Using TDHF simulations of quasifission to probe the fission surface of Og-294
Patrick McGlynn (The Australian National University, Canberra)
Nuclear fission, especially in heavy and superheavy nuclei, is heavily influenced by strong shell effects. The much more easily obtained quasifission reaction may probe some of the same shell effects, but in order to use quasifission to understand shell effects in fission, we need to understand shell effects in quasifission. To study this, several techniques have been used. Calculation of potential energy surfaces (PES) is important for understanding the driving processes behind fission. The performance of a PES calculation approach was benchmarked with a range of Thorium nuclides and reflects the known competition between symmetric and asymmetric modes. The same techniques were used to calculate a potential energy surface for oganesson-294.

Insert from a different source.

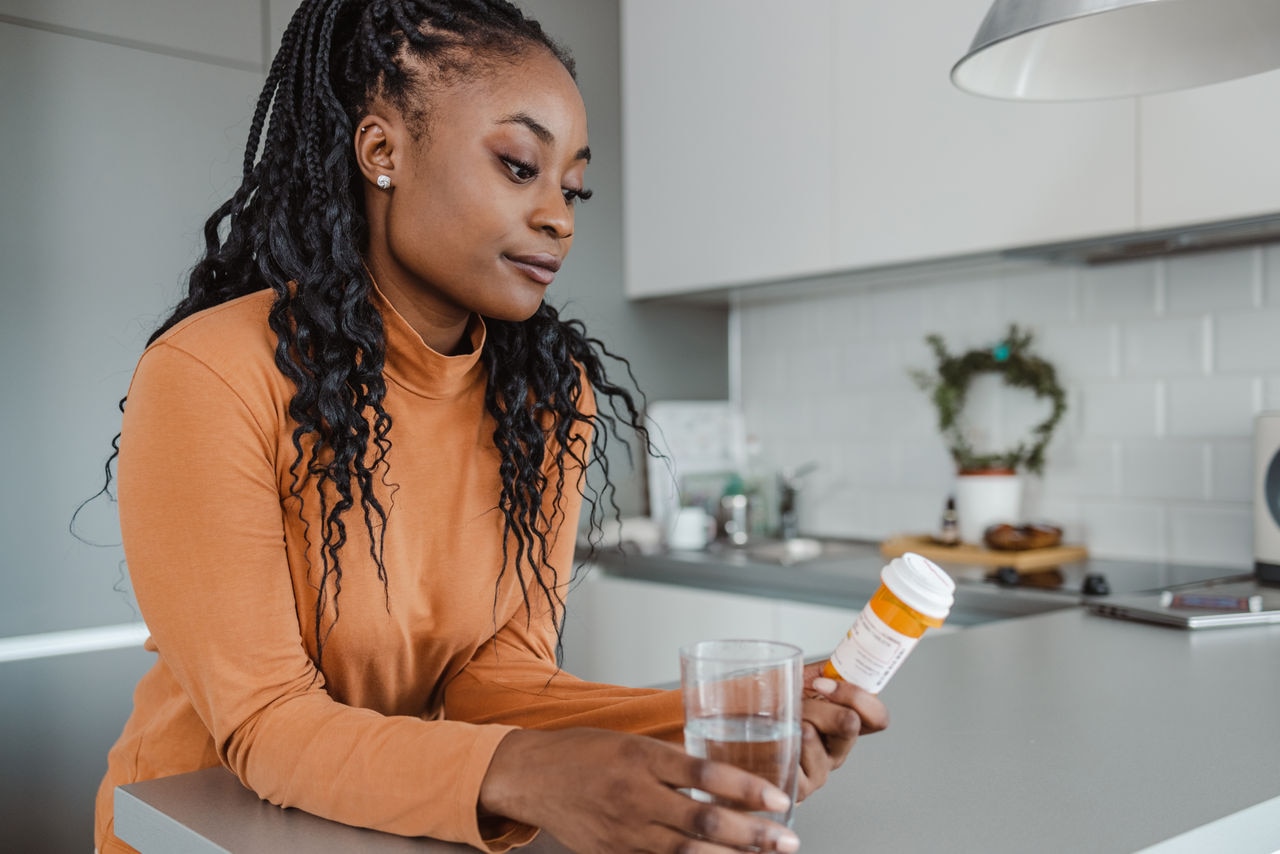 Photo of a young woman preparing to take medicine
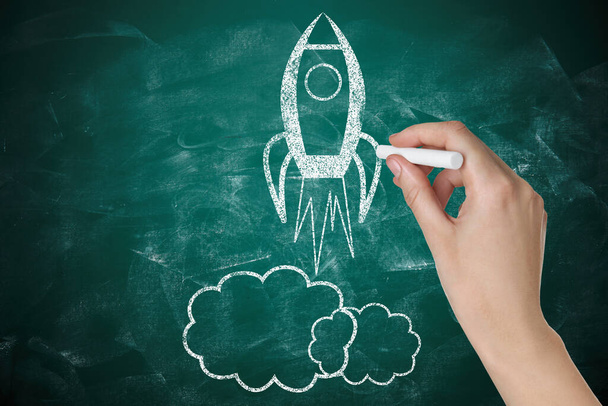 Business startup concept. Woman drawing rocket on chalkboard, closeup - 写真・画像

Time-dependent Hartree-Fock (TDHF) software was used to simulate reactions forming oganesson-294 in different entrance channels, at energies chosen to produce mostly quasifission paths. These paths and their resulting fragments were compared with the fission PES. The comparison shows that the quasifission trajectories are strongly influenced towards the same modes as seen in the PES and suggests that quasifission can effectively probe shell effects in the fission of superheavy nuclei. The availability of detailed information about the shape trajectories of the simulated reactions opens avenues for better understanding how and where shell effects play a role.